The Franklin Electric n’a rien perdu de son pouvoir d’enchanter son public. Après une superbe interprétation de Spindle, Jon Matte a décidé de « changer la set list » et a amorcé l’électrisante In Your Head. Un moment savoureux. C’est aussi ça, la magie des concerts.

Le premier de plusieurs

La lumière du jour commençait à faiblir derrière les vitraux de l’église Sainte-Thérèse-d’Avila tandis que The Franklin Electric terminait son set.

Une dizaine de chansons et une ovation plus tard, pour After All et In Your Heart, Matte et sa bande ont profité de l’effet de réverbération de l’église pour créer un moment intime, au pied de la scène, avec un micro seulement.

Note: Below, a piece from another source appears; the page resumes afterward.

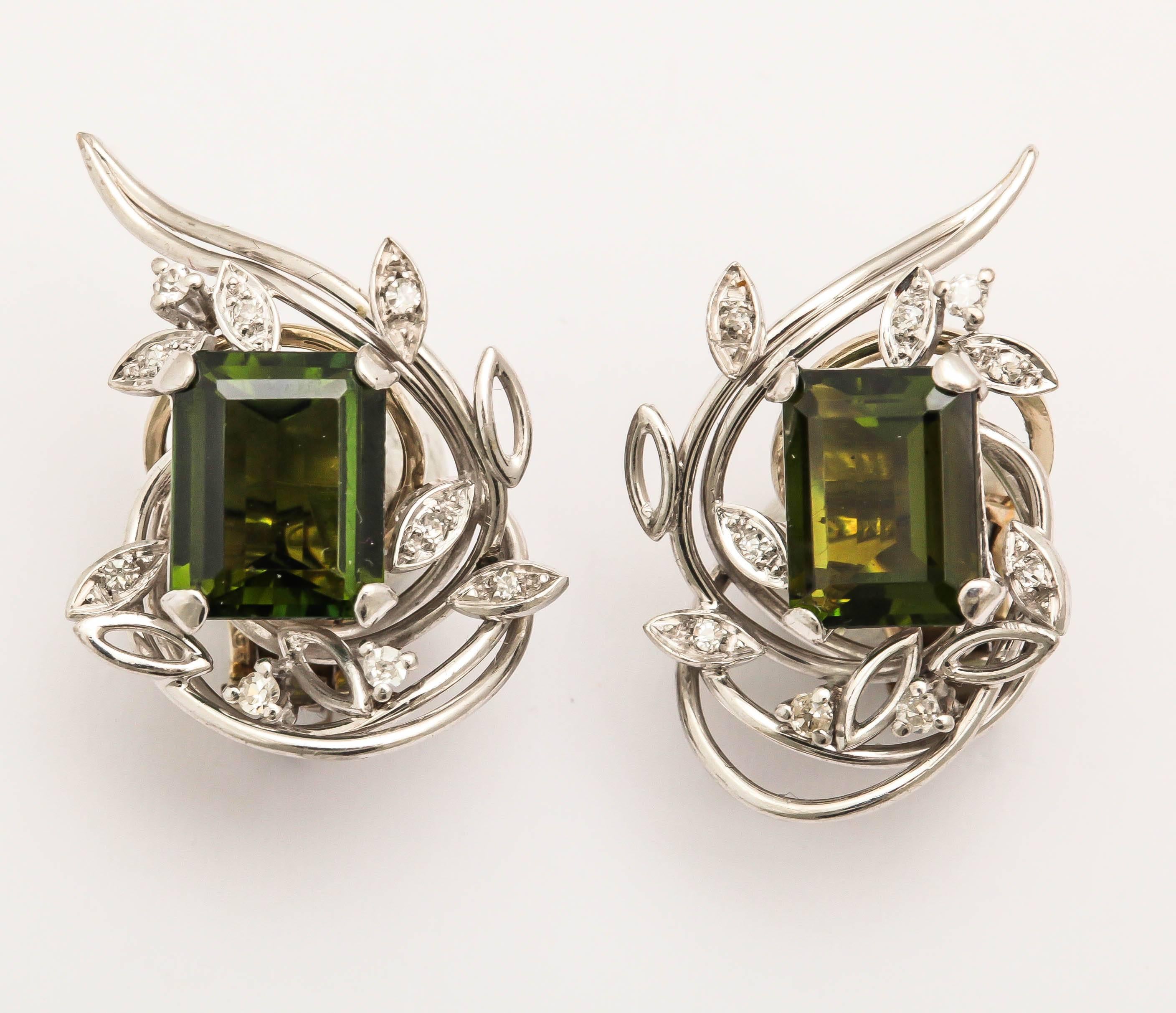 Fabuleuses boucles d'oreilles tourbillon en or blanc 18 carats et montures en diamant. Ca 1980's  et de forme libre.  Orientation gauche et droite.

Jon Matte s’est amusé avec le programme (« Ça, ce n’était pas prévu », a-t-il lancé avant de chanter If I Knew, seul avec sa guitare), qu’il a allongé de quelques chansons, pour notre plus grand bonheur. À 20 h 15, après This Is How I Let You Down, il a fallu s’arrêter. Rentrer chez soi avant 21 h 30. La tête pleine de musique.

Santa Teresa lance ainsi une saison des festivals qui ne marquera pas encore un retour aux habitudes, mais qui pourra avoir des semblants de normalité, compte tenu du plan de déconfinement présenté cette semaine par le gouvernement.

Les organisateurs de Santa Teresa ont dû faire des concessions pour avoir quelque chose à offrir en cette fin de mai. Et si l’édition actuelle n’a pas l’ampleur de leurs ambitions habituelles, ce n’est que partie remise, assure Patrick Kearney. « L’année prochaine, on se paie la traite. »

Flore Laurentienne et Jerusalem My Heart seront en prestation jeudi. Kallitechnis et Magi Merlin monteront sur scène vendredi et Laurence-Anne et Ariane Roy, samedi. Helena Deland, Ouri et Hildegard cloront le festival, dimanche.